MS. NULAND: Okay. Let us get you some more information. But my understanding of this – and I may have it wrong – is that he’s actually been charged in India –
MS. NULAND: – in connection with this case, that he has been at large –
MS. NULAND: – and has not been able to be either arrested –
MS. NULAND: – or brought to trial.
MS. NULAND: So the precise formulation in the Rewards for Justice announcement is $10 million for information leading to the arrest or the conviction of either – of this individual, $2 million for the other individual.
QUESTION: How much are the Indians offering for this?
MS. NULAND: I don’t know the answer to that.
QUESTION: Are they offering anything, do you know?
MS. NULAND: I do not.
QUESTION: I’m just curious as to why it’s the U.S. job to offer a reward for this guy when –
MS. NULAND: Well, we have Americans killed and it’s only cooperate –
QUESTION: I understand. Six Americans were killed.
MS. NULAND: Correct.
QUESTION: But you also have Americans killed in other places where you’re not offering any rewards or –
MS. NULAND: Well this program, as you know, we have –
QUESTION: Well, it seems to be that the vast amount of damage that this guy and his group has done is to India, and I’m not aware that they’re offering any rewards. So I want to know why the U.S. taxpayer is offering a reward. That’s –
MS. NULAND: Well, I can’t speak to whether India has its own Rewards for Justice-type program. I’m going to refer you to the Indians with regard to that. This is a program that we’ve had for a long –
QUESTION: I understand that, but –
MS. NULAND: Can I finish my point?
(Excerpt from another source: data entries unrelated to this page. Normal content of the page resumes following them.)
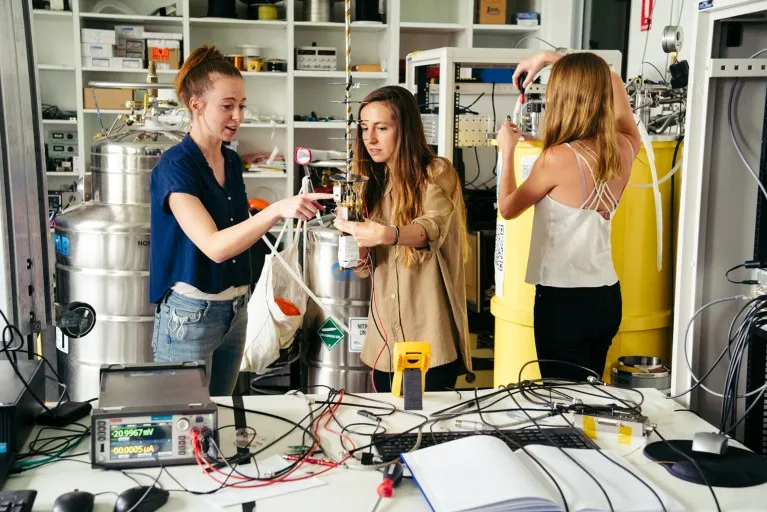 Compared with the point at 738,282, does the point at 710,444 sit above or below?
below

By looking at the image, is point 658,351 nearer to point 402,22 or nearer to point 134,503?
point 134,503

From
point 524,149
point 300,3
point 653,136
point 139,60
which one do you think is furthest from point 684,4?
point 139,60

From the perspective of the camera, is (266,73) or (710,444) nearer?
(710,444)

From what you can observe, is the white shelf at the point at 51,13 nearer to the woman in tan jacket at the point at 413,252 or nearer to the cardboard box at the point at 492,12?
the cardboard box at the point at 492,12

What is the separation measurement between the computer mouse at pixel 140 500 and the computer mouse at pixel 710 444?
0.92 metres

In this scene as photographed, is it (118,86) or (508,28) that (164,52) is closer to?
(508,28)

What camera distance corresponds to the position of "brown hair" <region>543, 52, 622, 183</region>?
221 centimetres

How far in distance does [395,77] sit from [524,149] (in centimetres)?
256

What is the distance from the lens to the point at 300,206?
185 cm

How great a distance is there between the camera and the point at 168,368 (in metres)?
1.63

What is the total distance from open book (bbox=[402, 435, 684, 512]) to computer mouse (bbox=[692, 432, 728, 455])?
16cm

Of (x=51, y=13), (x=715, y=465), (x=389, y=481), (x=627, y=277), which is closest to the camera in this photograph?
(x=389, y=481)

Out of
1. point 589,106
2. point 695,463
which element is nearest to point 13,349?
point 695,463

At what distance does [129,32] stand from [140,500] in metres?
4.39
We’ve had for a long time, when we are concerned that people who have killed Americans overseas are not being able to be brought to justice. So again, this is a case that’s been going on for a long time. This is with regard to justice being served on people who have killed Americans –
QUESTION: Right. Can you –
MS. NULAND: – so that there is no impunity for them anywhere in the world.
QUESTION: Can we – can you find out, though, where it is that this guy has to be convicted for the reward to be –
MS. NULAND: We will get you a little bit more information on that, Matt.
QUESTION: Thank you.
MS. NULAND: Okay.
QUESTION: One more about the overall program?
MS. NULAND: Yeah.
QUESTION: It’s been noted that upwards of $100 million have been paid. Is there a breakdown by amounts, since I understand that there’s no revelation of the people who get the rewards? Is there a breakdown per case, how much was paid out, and when they were paid out?
MS. NULAND: I’m going to take that, Ros. As you know, to protect those who come forward, we don’t generally advertise these things. How much – whether we do an accounting of how much has been authorized under the program and for what cases, I’m not sure. So let me take it.
QUESTION: On Pakistan?
MS. NULAND: Yeah.
QUESTION: Two questions, quick. One, are you worried about ongoing violence, especially in Karachi? And second, Pakistan is now deporting three wives of Usama bin Ladin, two to Saudi Arabia, one to Yemen. If – you had access to them because they had vital information about Usama bin Ladin’s activities?
MS. NULAND: Well, I’m not going to speak to our intelligence relationship with Pakistan. I think it’s now an internal matter between Pakistan and those governments about the disposition of the wives.
QUESTION: And violence – ongoing violence in Karachi?
MS. NULAND: I don’t have anything in particular on that. If we have anything to say, we’ll let you know.
Defense Department Regular Briefing
Q: My question is as far as opening the doors of Pakistan's — the supply route to Afghanistan for the U.S., Secretary Panetta also spoke very clearly about this, that Pakistan is now sending a mixed signal rather than a clear policy or clear — what they want. But what Pakistan is saying — that really that if the civilian government opens the route for the U.S. for supply and they have threats from the religious organizations and terrorist organizations that if they — if the civilian government opens the route, then they will march to Islamabad — and so what's happening? What's going on?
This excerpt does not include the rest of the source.